Est-ce que la science-fiction naît avec Jules Verne vers 1860 ?
La question des origines de la science-fiction (SF) est récurrente et plusieurs écoles s’affrontent. Dans sa monumentale et magistrale Encyclopédie de l’utopie, des voyages extraordinaires et de la science-fiction, Pierre Versins rapproche la SF de textes mythologiques qui traitent de thèmes millénaires, comme l’immortalité. Certains spécialistes attribuent plutôt à l’astronome Kepler le titre de précurseur de la science-fiction, car il décrit au début du XVIIe siècle notre système solaire vu depuis la Lune dans un voyage imaginaire intitulé Le Songe.
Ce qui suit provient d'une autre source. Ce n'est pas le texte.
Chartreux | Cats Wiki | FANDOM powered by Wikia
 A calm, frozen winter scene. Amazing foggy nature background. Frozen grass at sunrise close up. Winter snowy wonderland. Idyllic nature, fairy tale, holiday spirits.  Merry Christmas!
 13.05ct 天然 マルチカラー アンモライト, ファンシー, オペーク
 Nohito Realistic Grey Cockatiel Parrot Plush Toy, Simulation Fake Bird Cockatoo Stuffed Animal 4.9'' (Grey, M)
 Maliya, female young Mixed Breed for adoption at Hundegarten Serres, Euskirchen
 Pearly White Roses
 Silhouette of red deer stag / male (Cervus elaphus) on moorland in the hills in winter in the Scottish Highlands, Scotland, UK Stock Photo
Pour d’autres, c’est l’Anglaise Mary Shelley qui fonde le genre avec le roman Frankenstein, ou le Prométhée moderne (dont nous fêtons cette année le bicentenaire de la publication). Mais c’est bien dans la seconde moitié du XIXe siècle que cristallisent massivement des récits de fiction qui prennent pour décor et mobile les savoirs scientifiques et les réalisations techniques. Au siècle de la révolution industrielle, et à une époque où les nouveaux paradigmes scientifiques intègrent le temps et invitent donc à l’extrapolation (théorie de l’évolution, thermodynamique, cosmologie…), Jules Verne est un peu l’arbre qui cache la forêt. Un nombre incalculable de textes paraissent, tout particulièrement dans les revues de vulgarisation scientifique. L’écrivain Maurice Renard (surnommé le Wells français) publie même en 1909 un manifeste littéraire intitulé Du roman merveilleux-scientifique et de son action sur l’intelligence du progrès. Mais c’est aux États-Unis que l’expression « science-fiction » est forgée une vingtaine d’années plus tard par l’ingénieur et éditeur Hugo Gernsback pour désigner des récits qui entremêlent science et visions du futur.
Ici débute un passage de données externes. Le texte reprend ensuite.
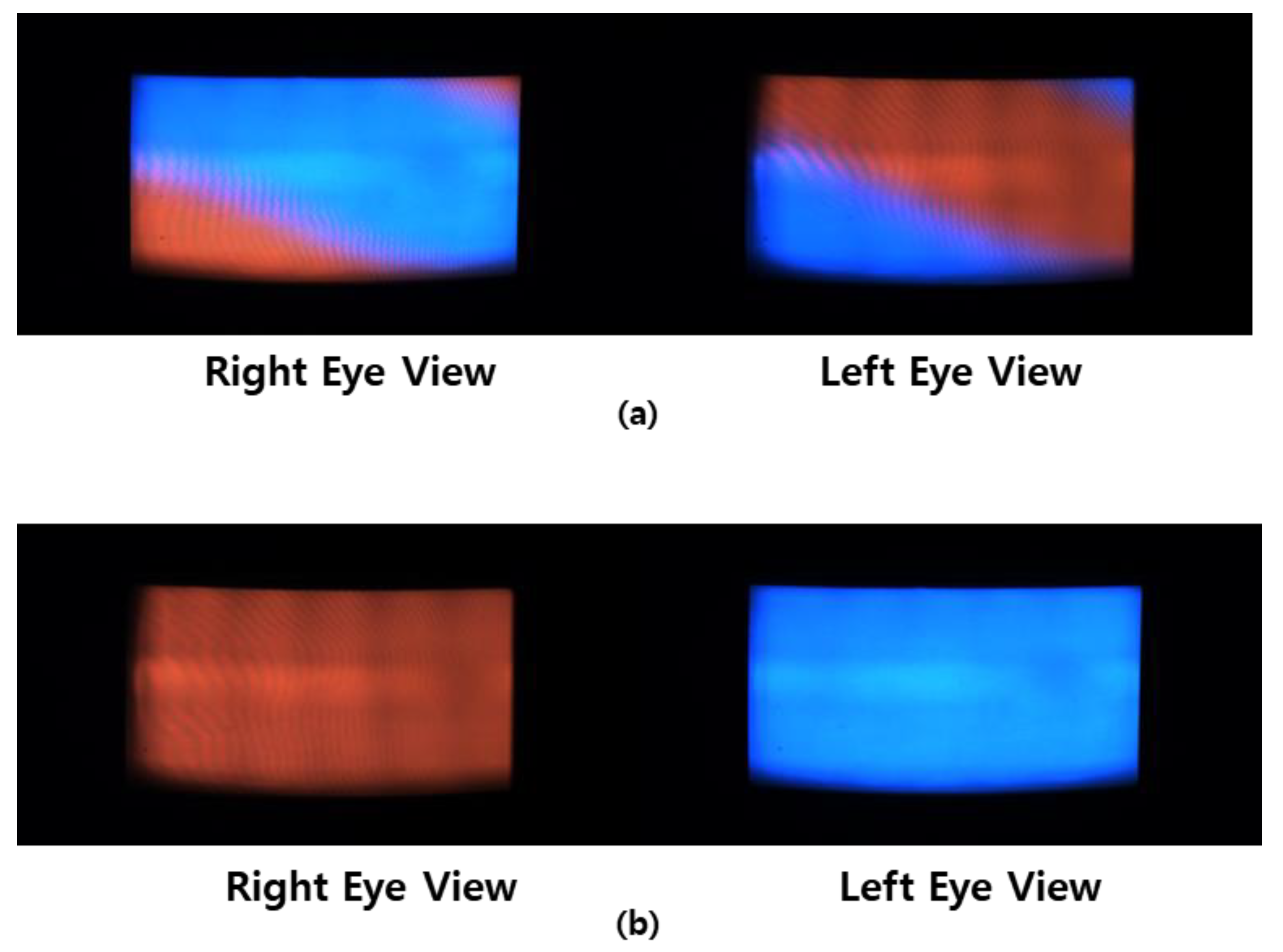 free eye tracking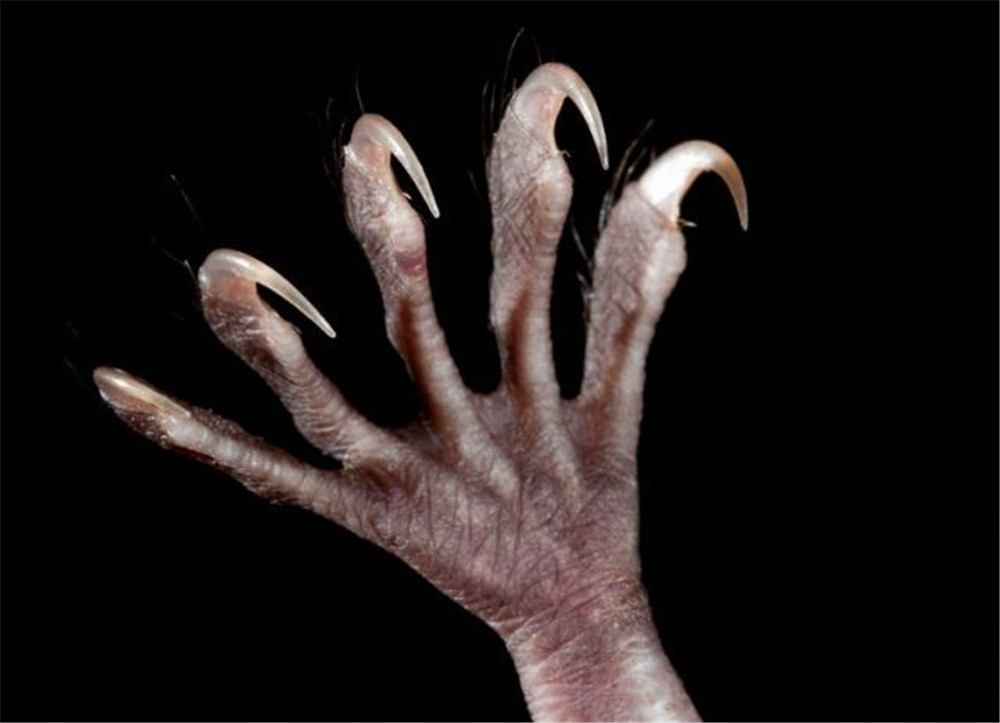 广西大石围发现食鱼的蝙蝠爪如鱼钩一晚上能捕获约30条小鱼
« Dès le XIXe siècle, des textes de fiction jouent le rôle de lanceurs d’alerte avant la lettre face aux risques technologiques.»

Quelle différence y a-t-il avec la prospective, c’est-à-dire avec les recherches concernant l’évolution future des sociétés ?
Science-fiction et prospective se rejoignent dans leur intérêt commun pour l’avenir. Comme la prospective, la SF cherche à explorer les conséquences sociales des progrès scientifiques et techniques, et à y préparer les esprits. L’histoire de la SF a fini par constituer un immense réservoir de mondes possibles, craints ou souhaités. Plus libre que la prospective, la SF spécule sur les découvertes et les innovations les plus radicales. Elle inspire d’ailleurs les projets des promoteurs du transhumanisme, qui dépassent de loin les possibilités réelles de la science actuelle. La SF joue donc plus qu’un rôle d’observatoire des temps futurs. Elle est aussi et surtout porteuse des peurs et des désirs du temps présent.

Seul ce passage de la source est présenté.